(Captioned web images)
────────────────────────────────────────

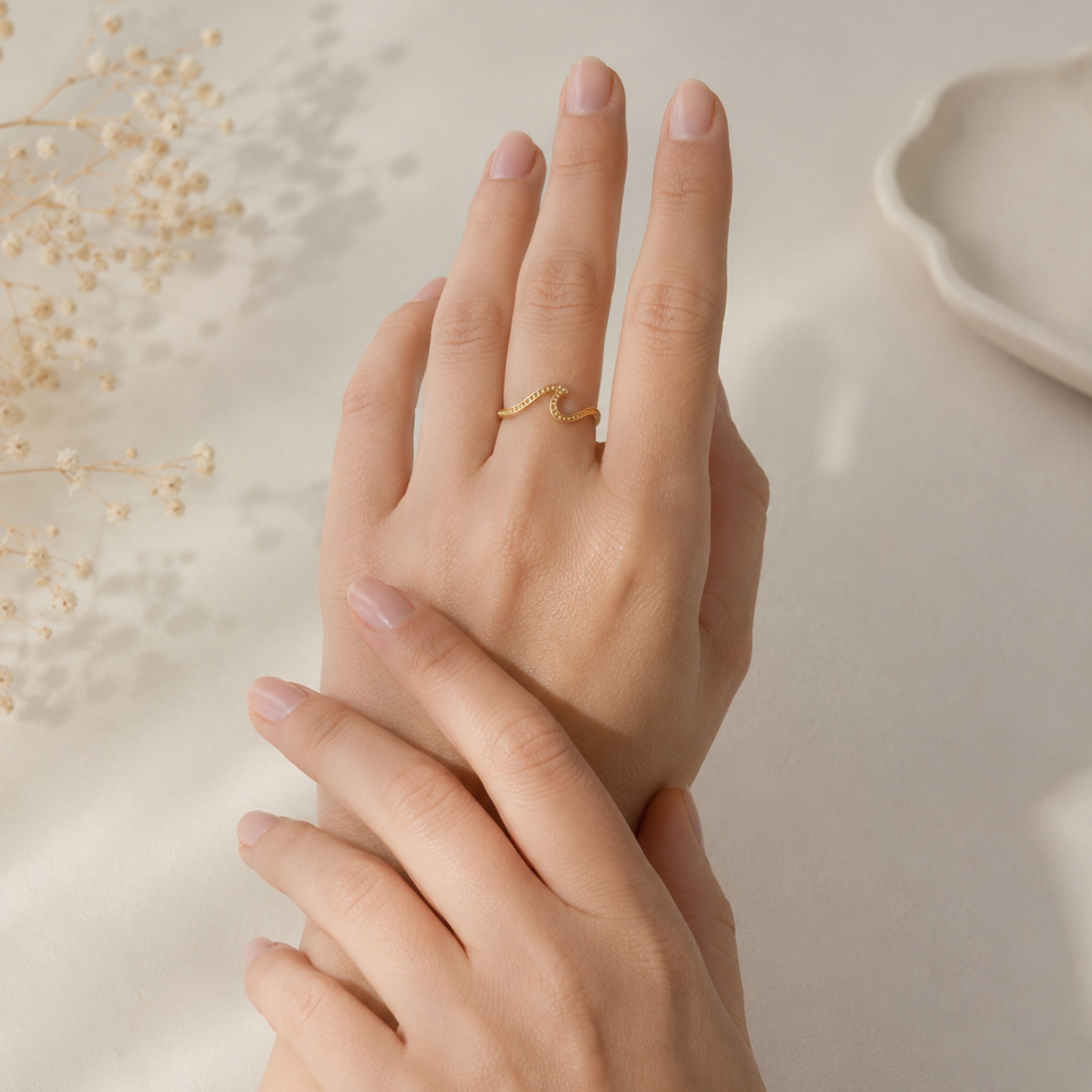 Nalu Ring Golden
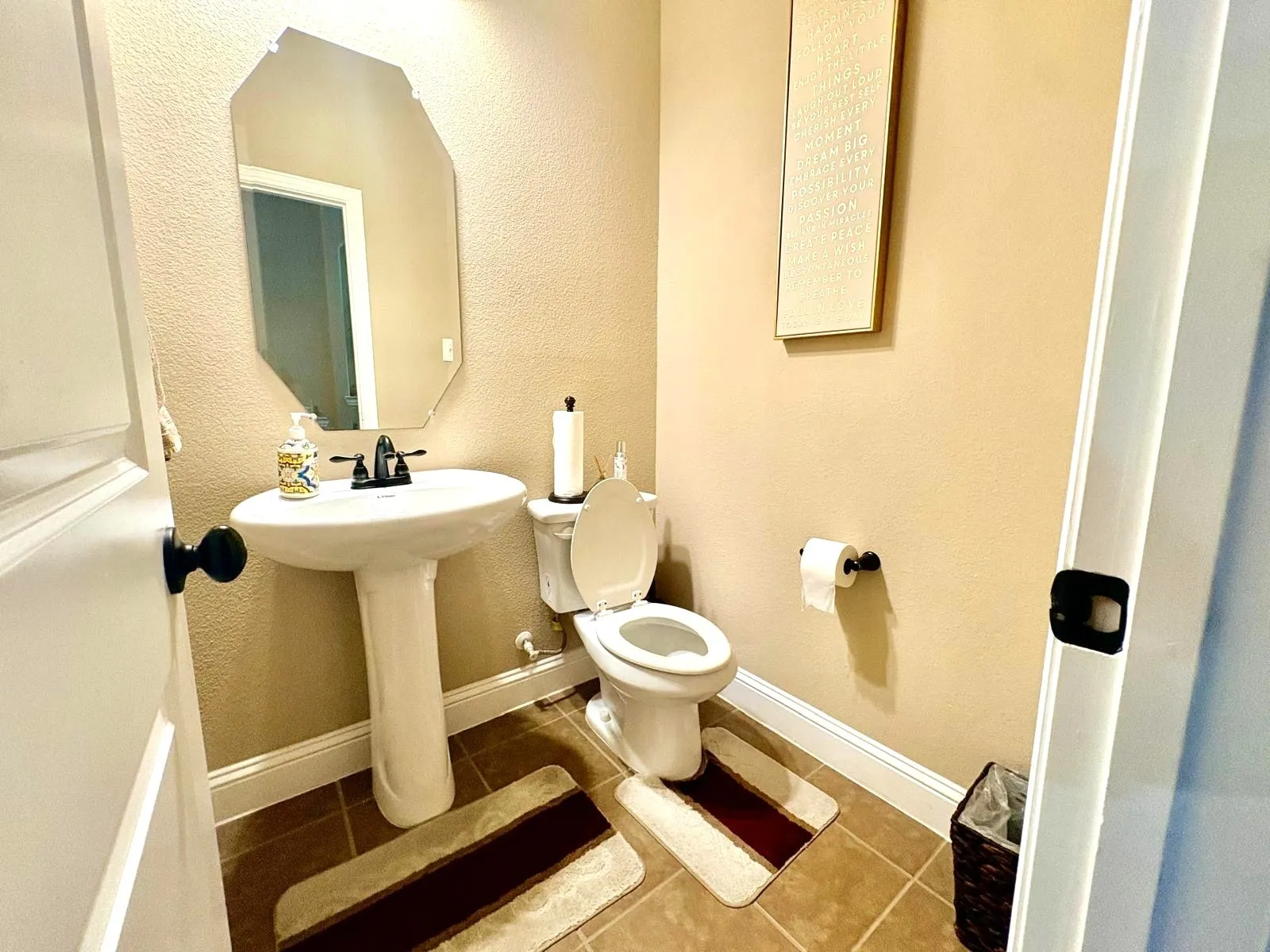 Single Family Residence For Sale in Kaufman County , 252 Arbury Drive, Forney, Texas 75126, 4 Bedroom, 4 Bathroom, 2 Garage spaces, 2,667 Sqft, built in 2017, mls#21391482, Real Estate Agent in Forney, Homes For Sale in Kaufman county, Homes For Sale in Forney, Realtor in Forney Texas, Real Estate Brokerage Independent Realty Texas, Luminita Cordes Realtor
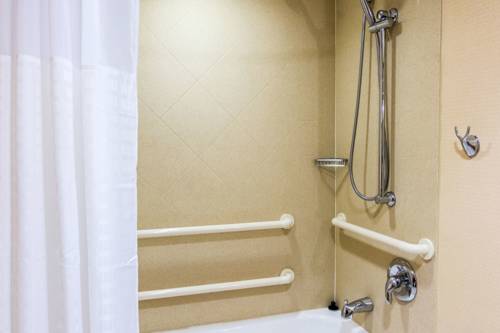 Imagen de la habitación del Hotel Comfort Inn Washington Dc Joint Andrews Afb. Foto 14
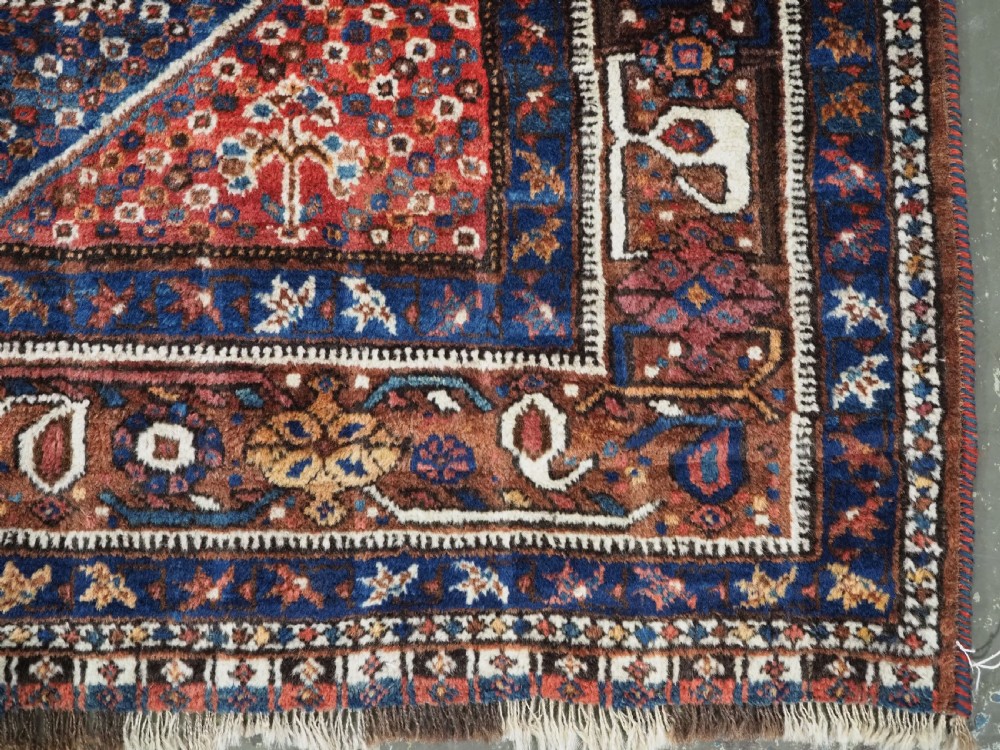 ANTIQUE SHIRAZ KHAMSEH TRIBAL RUG, OUTSTANDING CONDITION, CIRCA 1920. View XI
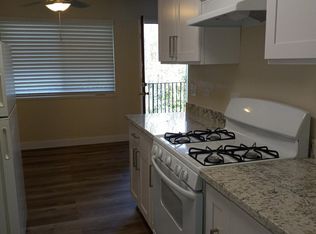 3682 39th Ave APT B, Oakland, CA 94619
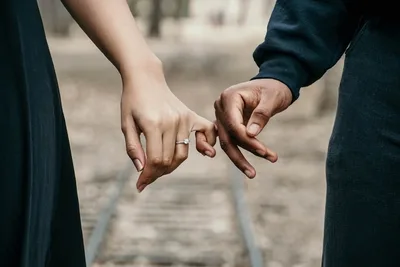 Don't marry for happiness, 'marriage is a sermon,' Proverbs 31 Ministries speaker says
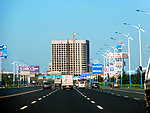 烟台城市建筑 大楼 马路 汽车 路灯 蓝天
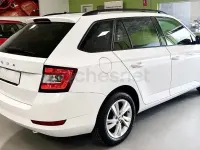 Usado Skoda Fabia Ambition 95 CV (69 kW) 2022 Blanco Utilitario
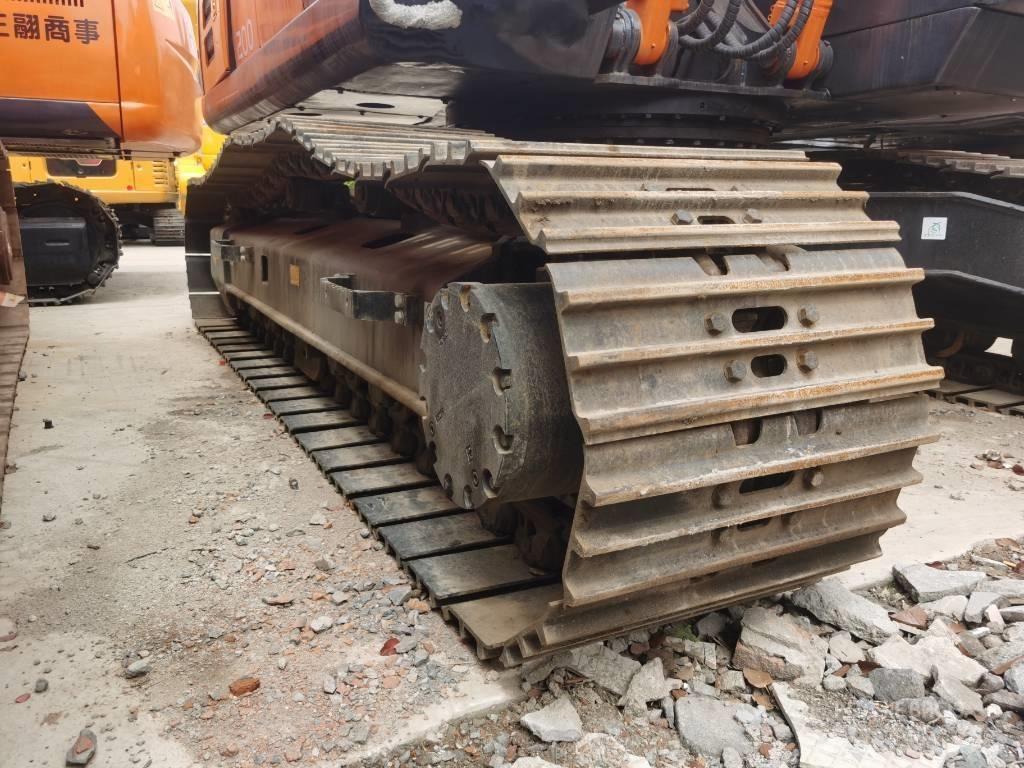 Hitachi zx200 Rupsgraafmachines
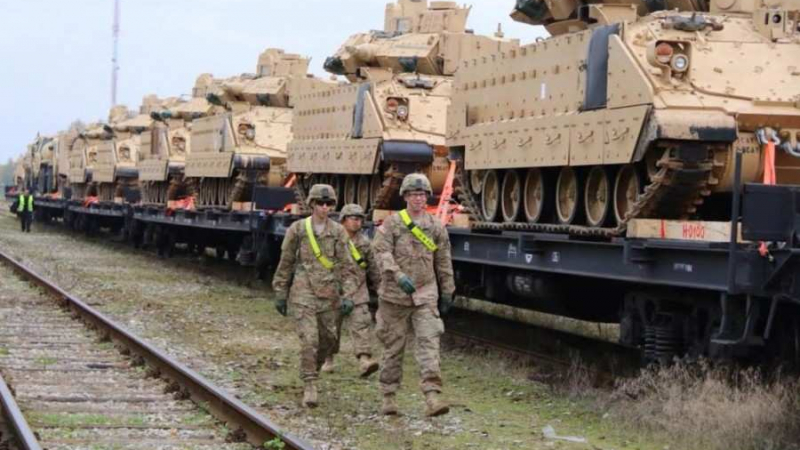 ВИДЕО от войната: Огромен конвой от бронирани машини на НАТО край Бахмут 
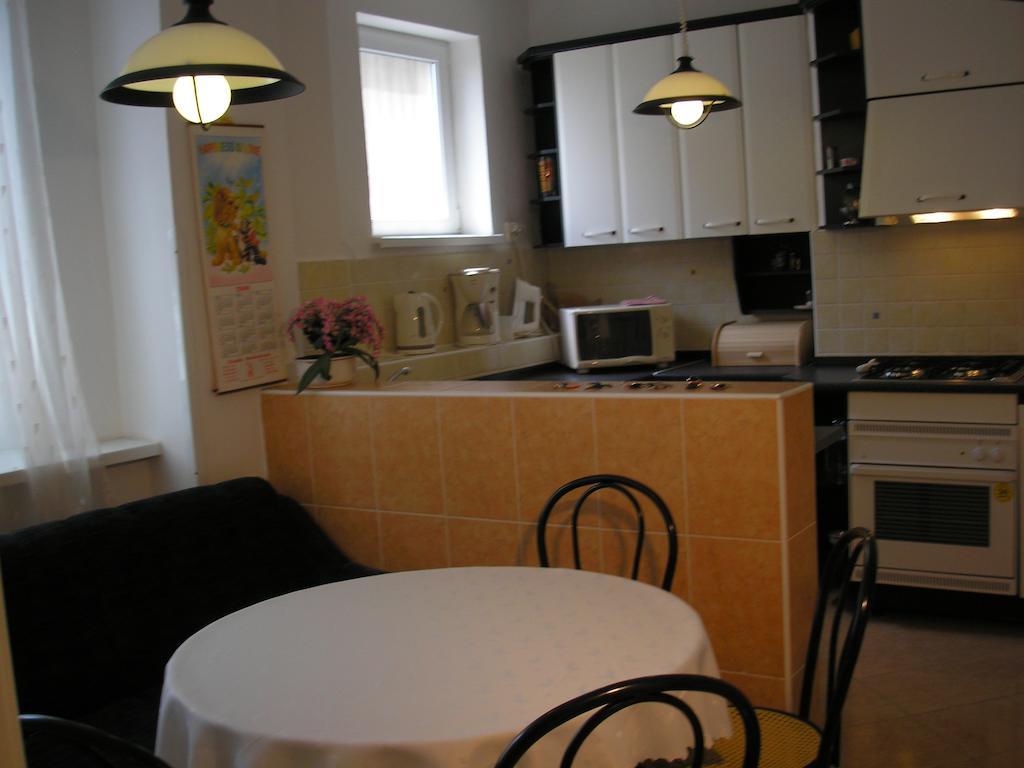 Apartment Accommodation Up To 17 布拉迪斯拉发 外观 照片
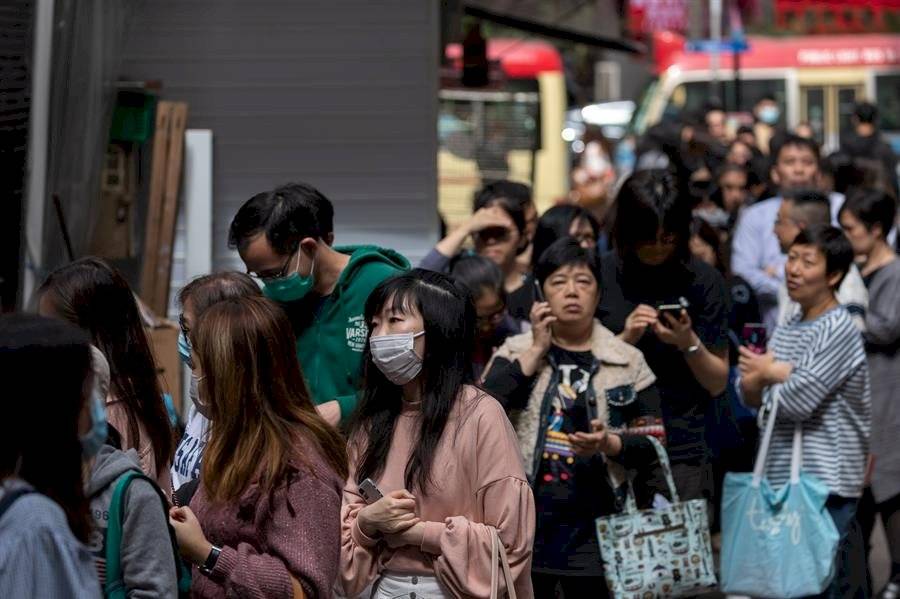 Un Año Nuevo complicado para Hong Kong, que recuerda los estragos del SARS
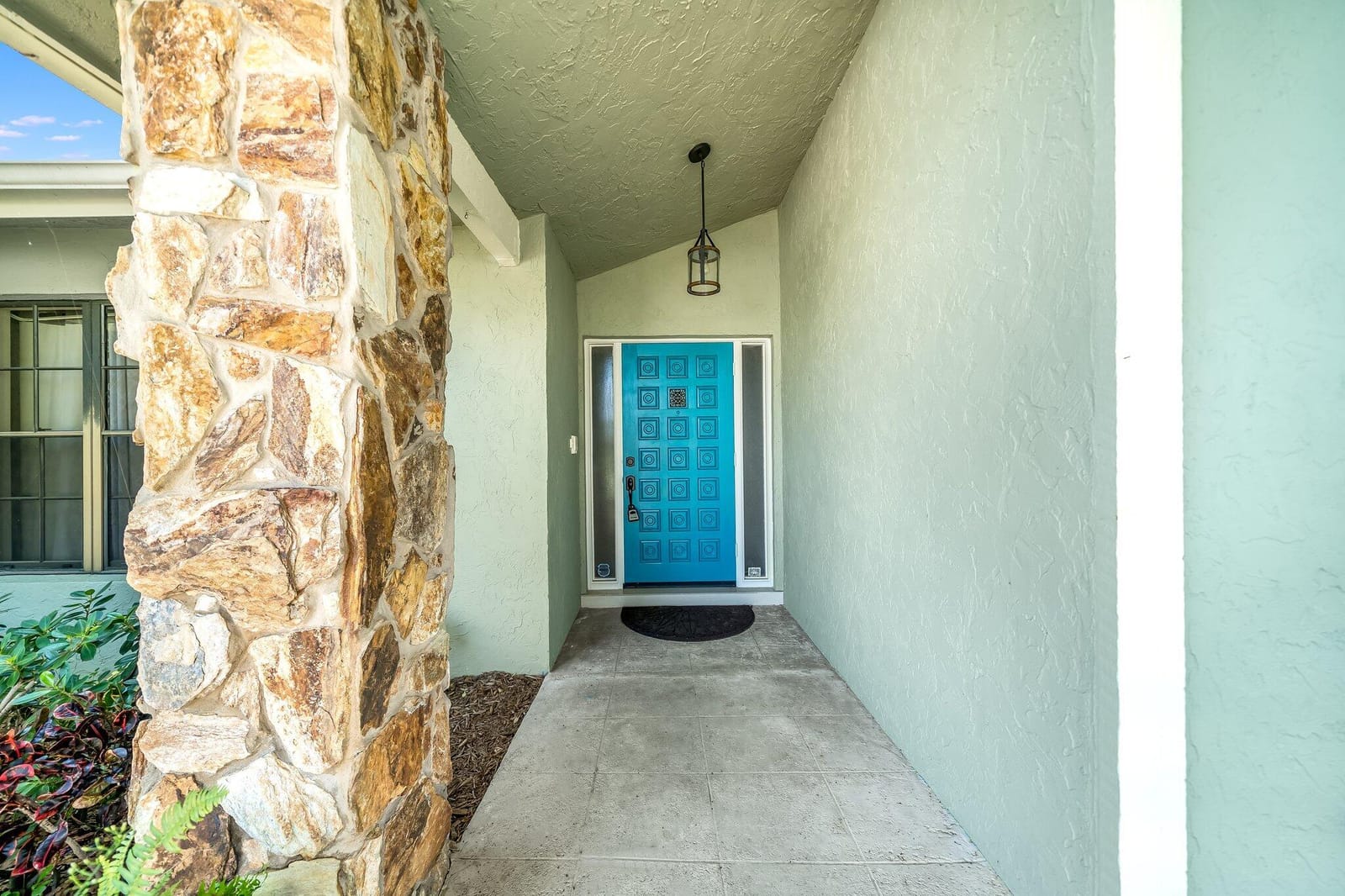 574 Juniper Place — photo 8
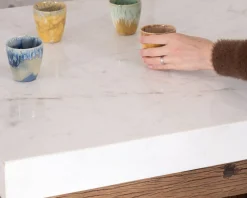 Billot de cuisine en teck recyclé et plateau marbre blanc 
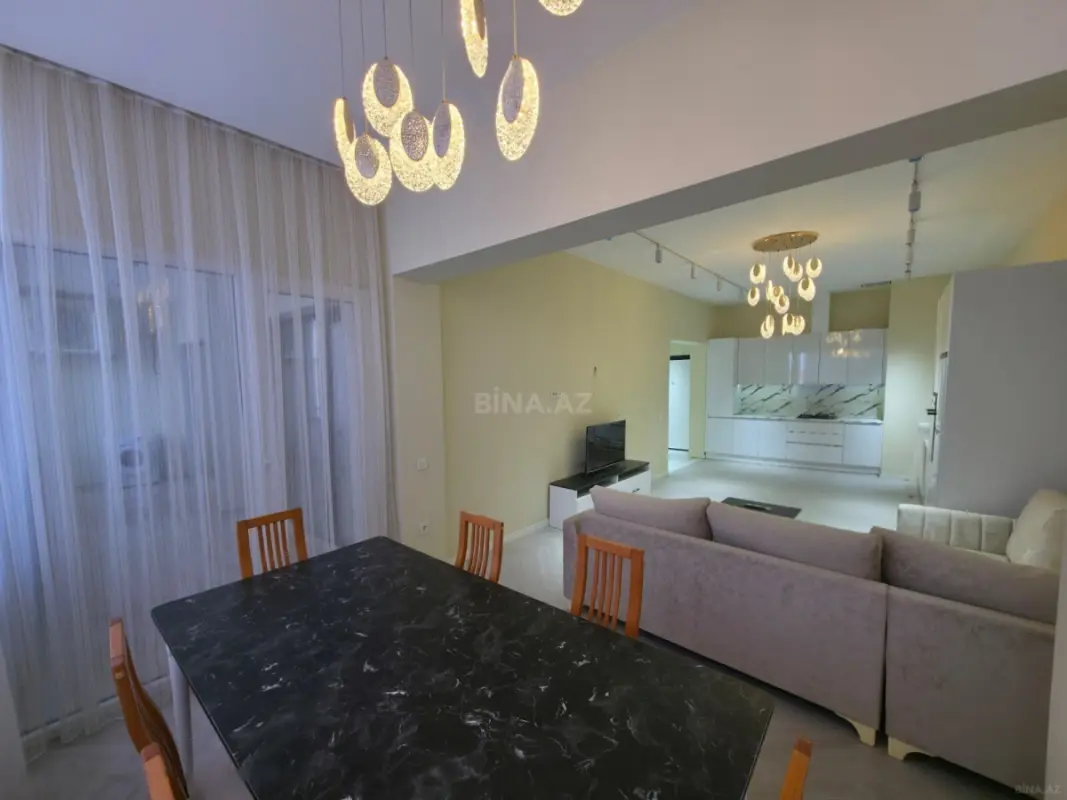Satılır 3 otaqlı mənzil 114 m²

────────────────────────────────────────

- _What to do_: Please retype, exactly and only, the lines from the one holding "574 Juniper Place — photo 8" to the end of the entries, both ends included, without any pictures.

- _The completed task_:
 574 Juniper Place — photo 8
 Billot de cuisine en teck recyclé et plateau marbre blanc 
Satılır 3 otaqlı mənzil 114 m²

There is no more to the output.